**EXERCISE GOAL:** Nothing but the lines from the one containing "New Look Ruffle Cold Shoulder Dress - Black" to the end of the data should be copied, exactly, and the pictures stay out.

**GIVEN RECORDS:**
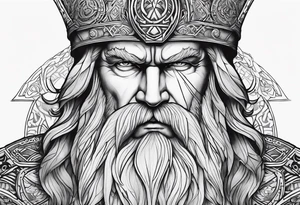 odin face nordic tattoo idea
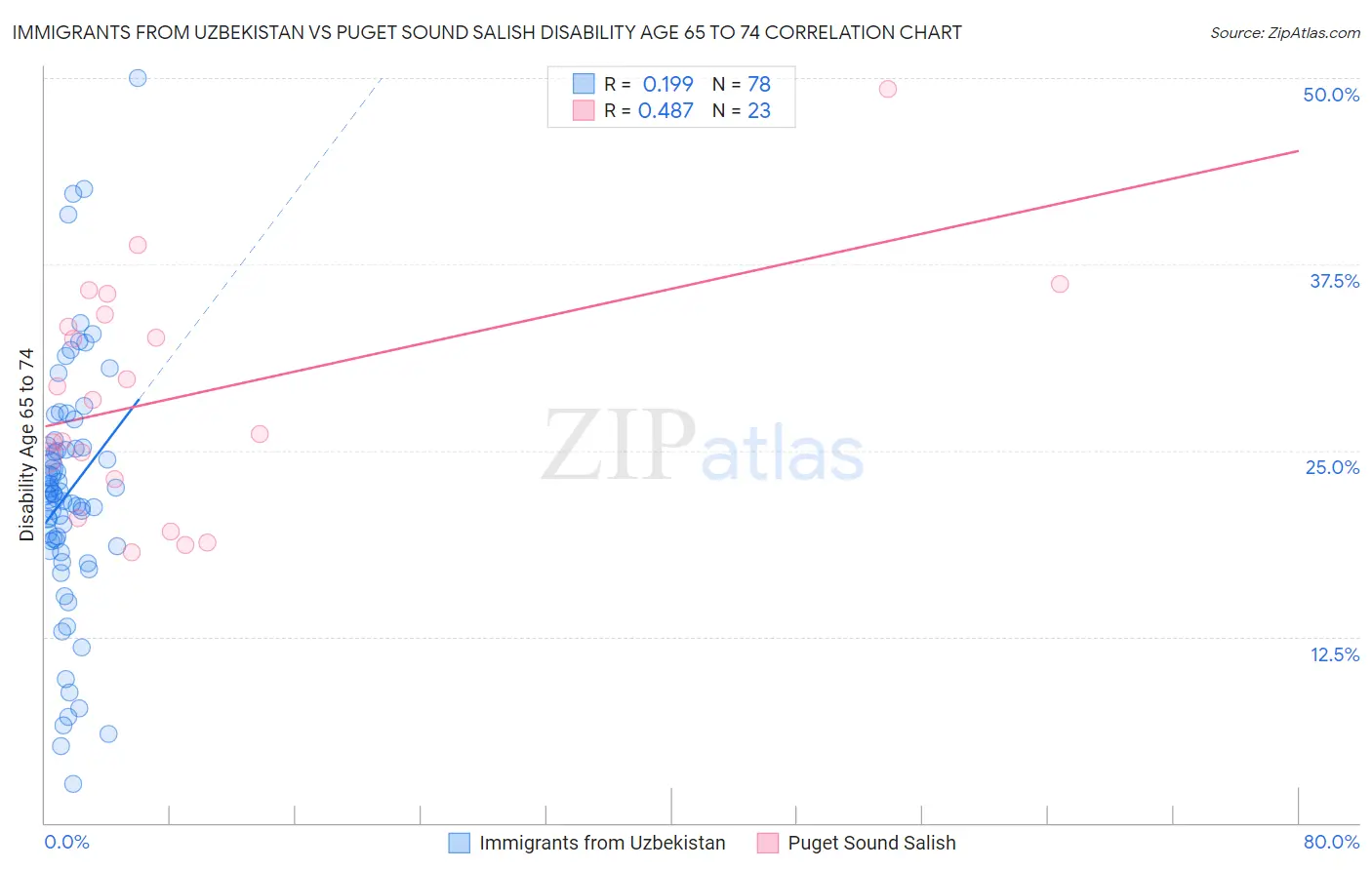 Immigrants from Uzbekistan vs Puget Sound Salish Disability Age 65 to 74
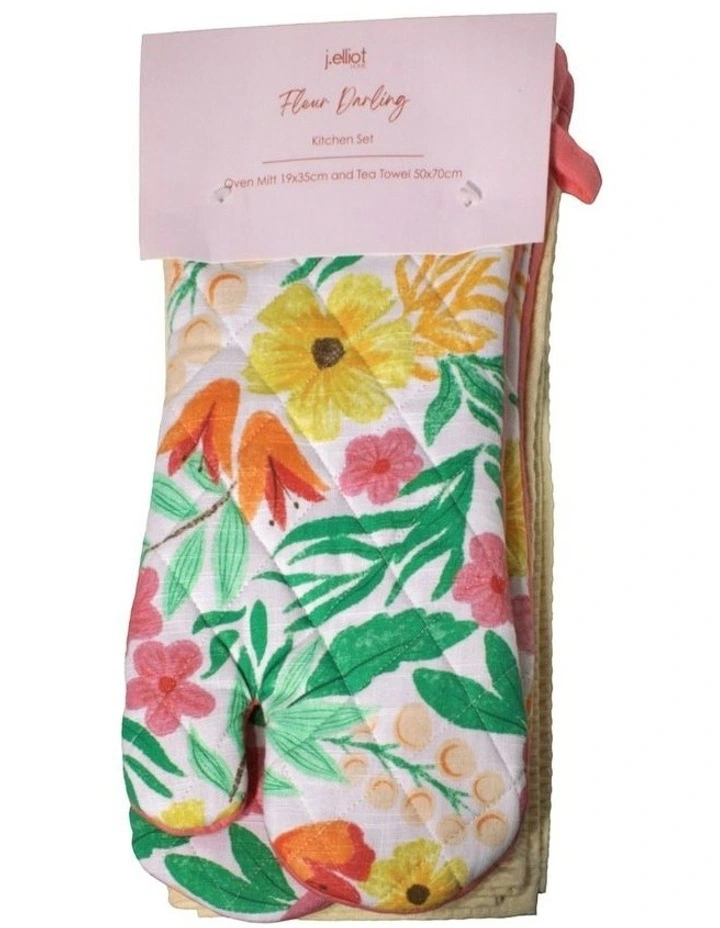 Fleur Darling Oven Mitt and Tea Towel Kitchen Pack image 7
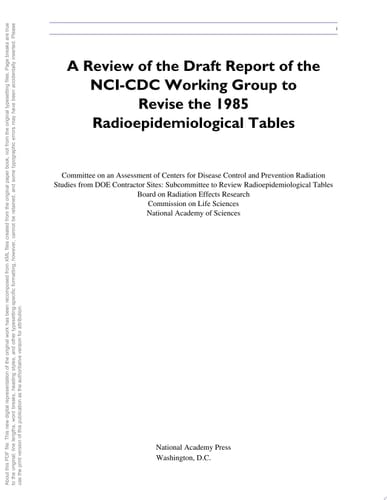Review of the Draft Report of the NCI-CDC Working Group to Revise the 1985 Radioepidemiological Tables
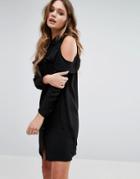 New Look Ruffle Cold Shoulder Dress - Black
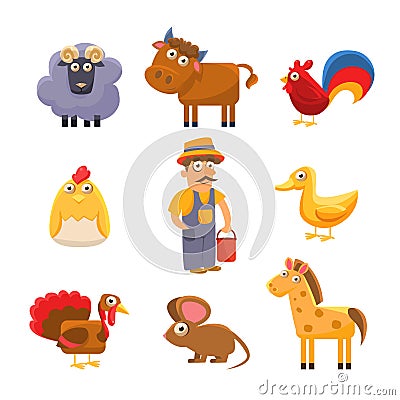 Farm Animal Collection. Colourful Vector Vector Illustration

**ANSWER FOR THE TASK:**
 New Look Ruffle Cold Shoulder Dress - Black
 Farm Animal Collection. Colourful Vector Vector Illustration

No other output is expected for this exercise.